EXERCISE MATERIALS below:

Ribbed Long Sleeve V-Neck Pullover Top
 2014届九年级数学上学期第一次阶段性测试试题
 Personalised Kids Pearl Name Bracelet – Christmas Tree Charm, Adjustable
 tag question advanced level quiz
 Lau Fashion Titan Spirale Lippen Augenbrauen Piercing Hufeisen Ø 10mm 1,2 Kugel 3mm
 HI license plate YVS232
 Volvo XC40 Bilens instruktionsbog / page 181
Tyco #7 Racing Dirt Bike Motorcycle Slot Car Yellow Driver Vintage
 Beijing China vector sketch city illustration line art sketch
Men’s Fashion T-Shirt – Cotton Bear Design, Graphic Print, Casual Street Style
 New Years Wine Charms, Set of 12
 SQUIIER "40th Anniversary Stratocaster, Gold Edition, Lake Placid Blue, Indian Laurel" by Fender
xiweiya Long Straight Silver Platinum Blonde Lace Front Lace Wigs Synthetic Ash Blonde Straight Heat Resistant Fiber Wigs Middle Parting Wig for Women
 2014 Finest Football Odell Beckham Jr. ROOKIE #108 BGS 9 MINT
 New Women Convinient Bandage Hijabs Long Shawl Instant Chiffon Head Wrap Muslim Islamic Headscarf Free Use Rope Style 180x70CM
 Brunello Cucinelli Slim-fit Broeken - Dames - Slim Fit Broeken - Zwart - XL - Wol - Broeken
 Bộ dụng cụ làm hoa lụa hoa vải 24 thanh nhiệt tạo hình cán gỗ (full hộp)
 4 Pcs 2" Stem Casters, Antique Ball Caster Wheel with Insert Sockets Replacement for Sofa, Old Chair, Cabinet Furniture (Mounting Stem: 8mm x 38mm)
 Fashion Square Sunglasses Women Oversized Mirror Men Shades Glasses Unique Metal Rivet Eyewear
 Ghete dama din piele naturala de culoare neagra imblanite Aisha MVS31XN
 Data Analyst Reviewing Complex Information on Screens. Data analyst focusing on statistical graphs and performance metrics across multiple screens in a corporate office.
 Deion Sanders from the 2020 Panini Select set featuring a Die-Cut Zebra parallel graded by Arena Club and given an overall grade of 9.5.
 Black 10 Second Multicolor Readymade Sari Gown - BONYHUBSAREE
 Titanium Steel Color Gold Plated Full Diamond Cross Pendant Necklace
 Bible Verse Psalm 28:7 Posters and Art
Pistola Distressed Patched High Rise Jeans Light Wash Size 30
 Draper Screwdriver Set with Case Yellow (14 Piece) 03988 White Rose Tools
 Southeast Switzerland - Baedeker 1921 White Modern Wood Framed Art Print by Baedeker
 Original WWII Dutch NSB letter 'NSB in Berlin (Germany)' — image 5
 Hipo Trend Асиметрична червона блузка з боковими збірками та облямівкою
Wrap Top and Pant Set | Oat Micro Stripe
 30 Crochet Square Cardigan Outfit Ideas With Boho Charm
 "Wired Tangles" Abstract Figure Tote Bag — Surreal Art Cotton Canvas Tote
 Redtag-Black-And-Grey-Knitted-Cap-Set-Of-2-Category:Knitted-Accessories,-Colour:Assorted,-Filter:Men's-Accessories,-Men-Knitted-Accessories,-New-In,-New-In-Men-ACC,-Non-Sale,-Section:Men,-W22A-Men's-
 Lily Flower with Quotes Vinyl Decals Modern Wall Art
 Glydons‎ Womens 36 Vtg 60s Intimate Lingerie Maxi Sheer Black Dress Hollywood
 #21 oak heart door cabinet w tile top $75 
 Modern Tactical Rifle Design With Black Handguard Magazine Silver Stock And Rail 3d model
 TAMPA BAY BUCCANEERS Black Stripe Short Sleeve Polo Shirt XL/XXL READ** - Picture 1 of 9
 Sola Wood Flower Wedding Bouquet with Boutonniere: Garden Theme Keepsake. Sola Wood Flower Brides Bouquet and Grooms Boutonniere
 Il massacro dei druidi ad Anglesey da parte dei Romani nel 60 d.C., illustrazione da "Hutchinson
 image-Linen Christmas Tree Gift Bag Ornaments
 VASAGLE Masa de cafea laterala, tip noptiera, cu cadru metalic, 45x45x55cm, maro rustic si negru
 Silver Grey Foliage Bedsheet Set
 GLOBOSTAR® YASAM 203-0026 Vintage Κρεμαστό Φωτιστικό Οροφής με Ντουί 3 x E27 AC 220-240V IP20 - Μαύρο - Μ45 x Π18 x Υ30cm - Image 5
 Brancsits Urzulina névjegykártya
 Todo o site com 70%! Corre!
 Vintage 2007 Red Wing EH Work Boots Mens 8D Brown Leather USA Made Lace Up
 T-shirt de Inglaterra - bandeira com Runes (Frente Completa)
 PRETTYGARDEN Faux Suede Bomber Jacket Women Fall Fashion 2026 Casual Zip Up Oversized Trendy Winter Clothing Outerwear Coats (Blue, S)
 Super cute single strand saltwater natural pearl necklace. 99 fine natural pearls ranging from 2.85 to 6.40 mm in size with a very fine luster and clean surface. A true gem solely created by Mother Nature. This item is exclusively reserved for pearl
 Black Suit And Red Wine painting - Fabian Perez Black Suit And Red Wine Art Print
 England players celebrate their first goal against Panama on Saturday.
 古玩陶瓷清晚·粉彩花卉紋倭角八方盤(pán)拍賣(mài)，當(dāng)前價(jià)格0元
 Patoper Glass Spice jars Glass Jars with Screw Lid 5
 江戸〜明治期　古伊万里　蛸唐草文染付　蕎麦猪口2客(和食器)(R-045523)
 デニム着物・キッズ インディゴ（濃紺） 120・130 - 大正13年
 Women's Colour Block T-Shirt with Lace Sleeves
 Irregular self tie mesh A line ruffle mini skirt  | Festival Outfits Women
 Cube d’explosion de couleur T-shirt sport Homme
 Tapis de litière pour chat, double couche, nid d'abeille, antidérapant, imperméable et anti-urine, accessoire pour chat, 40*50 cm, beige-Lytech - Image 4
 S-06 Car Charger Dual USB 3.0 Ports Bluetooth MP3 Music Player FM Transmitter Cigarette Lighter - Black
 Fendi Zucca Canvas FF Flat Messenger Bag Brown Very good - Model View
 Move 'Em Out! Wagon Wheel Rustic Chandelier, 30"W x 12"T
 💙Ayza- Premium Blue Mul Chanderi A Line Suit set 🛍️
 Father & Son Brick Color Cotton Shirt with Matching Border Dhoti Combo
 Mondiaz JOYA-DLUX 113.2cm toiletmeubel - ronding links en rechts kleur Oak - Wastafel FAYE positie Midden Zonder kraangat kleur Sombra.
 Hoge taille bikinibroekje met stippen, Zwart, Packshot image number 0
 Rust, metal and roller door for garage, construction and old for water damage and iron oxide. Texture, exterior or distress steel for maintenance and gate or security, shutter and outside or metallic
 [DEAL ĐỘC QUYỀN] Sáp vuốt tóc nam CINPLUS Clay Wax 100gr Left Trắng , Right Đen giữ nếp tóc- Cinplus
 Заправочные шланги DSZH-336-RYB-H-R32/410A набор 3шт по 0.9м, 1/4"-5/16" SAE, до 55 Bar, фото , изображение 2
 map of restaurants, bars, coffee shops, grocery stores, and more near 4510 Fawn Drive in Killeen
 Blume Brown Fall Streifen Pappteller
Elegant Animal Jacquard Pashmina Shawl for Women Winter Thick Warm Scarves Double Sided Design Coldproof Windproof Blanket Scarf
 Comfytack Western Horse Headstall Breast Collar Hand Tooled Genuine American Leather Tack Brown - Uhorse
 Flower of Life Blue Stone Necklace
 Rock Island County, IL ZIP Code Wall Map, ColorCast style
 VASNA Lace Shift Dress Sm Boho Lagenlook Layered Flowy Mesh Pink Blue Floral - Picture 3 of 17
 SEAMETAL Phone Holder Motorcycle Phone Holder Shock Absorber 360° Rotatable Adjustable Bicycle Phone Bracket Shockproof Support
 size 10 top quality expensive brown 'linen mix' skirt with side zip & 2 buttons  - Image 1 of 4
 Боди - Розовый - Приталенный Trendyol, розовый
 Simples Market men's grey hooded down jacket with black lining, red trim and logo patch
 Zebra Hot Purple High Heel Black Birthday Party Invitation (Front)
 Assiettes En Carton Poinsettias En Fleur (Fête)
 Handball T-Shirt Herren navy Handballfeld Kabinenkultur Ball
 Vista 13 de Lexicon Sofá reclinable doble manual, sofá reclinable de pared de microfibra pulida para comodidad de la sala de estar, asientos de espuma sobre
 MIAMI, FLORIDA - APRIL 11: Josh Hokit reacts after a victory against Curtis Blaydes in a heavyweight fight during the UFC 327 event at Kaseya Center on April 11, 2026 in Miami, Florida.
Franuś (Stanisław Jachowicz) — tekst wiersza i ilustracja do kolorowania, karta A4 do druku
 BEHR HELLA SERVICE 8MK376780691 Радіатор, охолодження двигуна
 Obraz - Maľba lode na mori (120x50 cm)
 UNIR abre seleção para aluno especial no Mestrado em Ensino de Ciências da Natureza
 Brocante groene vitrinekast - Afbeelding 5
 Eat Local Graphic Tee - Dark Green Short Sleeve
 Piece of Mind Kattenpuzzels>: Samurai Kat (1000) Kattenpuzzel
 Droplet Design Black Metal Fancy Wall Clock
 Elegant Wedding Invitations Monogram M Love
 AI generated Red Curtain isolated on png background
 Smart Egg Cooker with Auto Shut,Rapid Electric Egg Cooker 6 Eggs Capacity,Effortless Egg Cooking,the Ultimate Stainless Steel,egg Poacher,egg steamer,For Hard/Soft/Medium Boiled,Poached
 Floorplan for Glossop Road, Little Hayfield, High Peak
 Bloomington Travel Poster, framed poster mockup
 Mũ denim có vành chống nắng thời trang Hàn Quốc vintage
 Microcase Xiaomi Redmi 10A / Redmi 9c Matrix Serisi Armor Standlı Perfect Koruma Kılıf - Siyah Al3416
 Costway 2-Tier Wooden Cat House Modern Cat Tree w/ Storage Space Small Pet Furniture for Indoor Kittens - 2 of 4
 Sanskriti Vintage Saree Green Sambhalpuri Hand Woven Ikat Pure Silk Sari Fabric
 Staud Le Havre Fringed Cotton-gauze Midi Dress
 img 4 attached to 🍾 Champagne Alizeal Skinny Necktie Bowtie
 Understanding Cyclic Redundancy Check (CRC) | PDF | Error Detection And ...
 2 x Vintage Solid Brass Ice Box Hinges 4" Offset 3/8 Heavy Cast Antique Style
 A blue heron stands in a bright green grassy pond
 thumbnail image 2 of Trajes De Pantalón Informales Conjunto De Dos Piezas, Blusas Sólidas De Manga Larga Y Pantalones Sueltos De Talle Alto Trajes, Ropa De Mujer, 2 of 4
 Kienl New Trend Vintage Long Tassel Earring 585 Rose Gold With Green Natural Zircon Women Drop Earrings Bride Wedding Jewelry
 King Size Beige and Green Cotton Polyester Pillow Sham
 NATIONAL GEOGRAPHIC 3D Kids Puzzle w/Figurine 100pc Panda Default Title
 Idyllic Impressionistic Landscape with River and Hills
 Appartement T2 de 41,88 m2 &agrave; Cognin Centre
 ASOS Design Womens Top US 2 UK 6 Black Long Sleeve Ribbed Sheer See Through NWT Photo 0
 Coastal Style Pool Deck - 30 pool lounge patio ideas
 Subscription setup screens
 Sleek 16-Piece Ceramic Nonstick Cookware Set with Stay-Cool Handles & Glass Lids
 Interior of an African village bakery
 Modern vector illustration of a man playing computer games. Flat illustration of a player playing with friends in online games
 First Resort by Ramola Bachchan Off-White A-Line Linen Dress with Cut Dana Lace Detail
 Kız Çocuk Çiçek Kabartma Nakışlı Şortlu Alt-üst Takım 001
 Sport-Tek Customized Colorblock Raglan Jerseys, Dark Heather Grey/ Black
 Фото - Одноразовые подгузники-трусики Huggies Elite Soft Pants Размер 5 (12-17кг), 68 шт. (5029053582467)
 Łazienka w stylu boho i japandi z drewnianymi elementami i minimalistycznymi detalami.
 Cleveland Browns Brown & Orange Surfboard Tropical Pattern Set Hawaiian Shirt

End of EXERCISE MATERIALS.

### WORK TO COMPLETE
An exact repetition of the material above is required, from its first line through the line holding "HI license plate YVS232", with nothing added.

### SOLUTION TO THIS TASK
Ribbed Long Sleeve V-Neck Pullover Top
 2014届九年级数学上学期第一次阶段性测试试题
 Personalised Kids Pearl Name Bracelet – Christmas Tree Charm, Adjustable
 tag question advanced level quiz
 Lau Fashion Titan Spirale Lippen Augenbrauen Piercing Hufeisen Ø 10mm 1,2 Kugel 3mm
 HI license plate YVS232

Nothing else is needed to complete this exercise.